Aim of the task: Give the data below again exactly as written, without its pictures.

** Opening Data excerpt block **

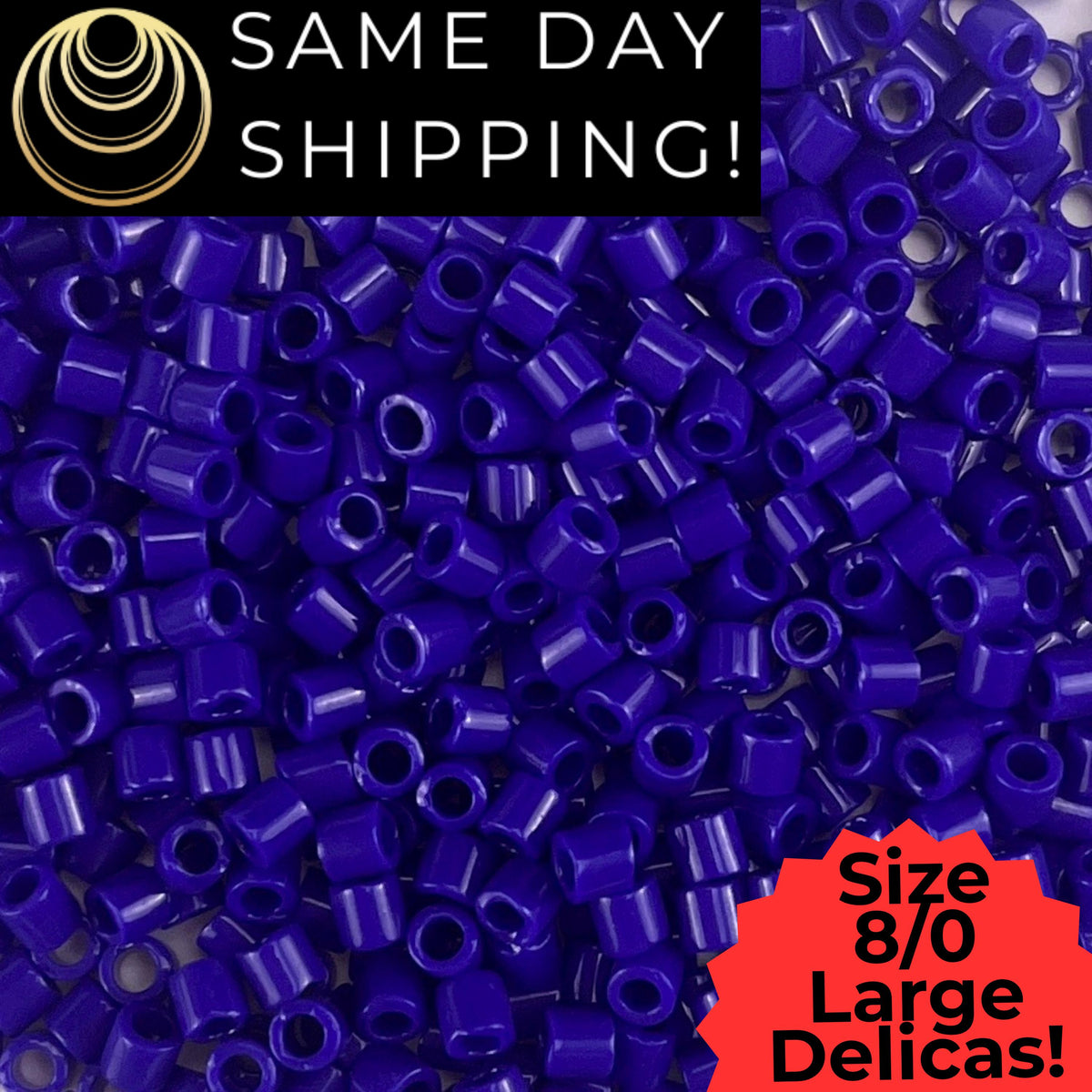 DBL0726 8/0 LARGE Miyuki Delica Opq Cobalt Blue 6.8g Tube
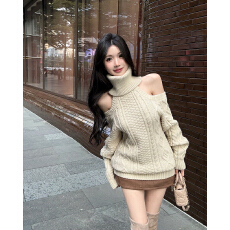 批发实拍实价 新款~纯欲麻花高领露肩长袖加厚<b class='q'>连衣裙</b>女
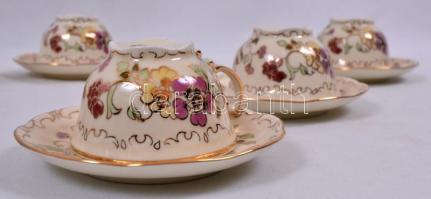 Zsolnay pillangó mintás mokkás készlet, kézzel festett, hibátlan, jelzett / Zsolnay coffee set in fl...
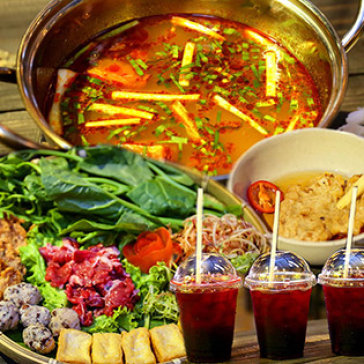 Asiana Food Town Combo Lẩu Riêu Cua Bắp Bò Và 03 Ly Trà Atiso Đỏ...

** Closing Data excerpt block **

Your solution:
 DBL0726 8/0 LARGE Miyuki Delica Opq Cobalt Blue 6.8g Tube
 批发实拍实价 新款~纯欲麻花高领露肩长袖加厚<b class='q'>连衣裙</b>女
 Zsolnay pillangó mintás mokkás készlet, kézzel festett, hibátlan, jelzett / Zsolnay coffee set in fl...
 Asiana Food Town Combo Lẩu Riêu Cua Bắp Bò Và 03 Ly Trà Atiso Đỏ...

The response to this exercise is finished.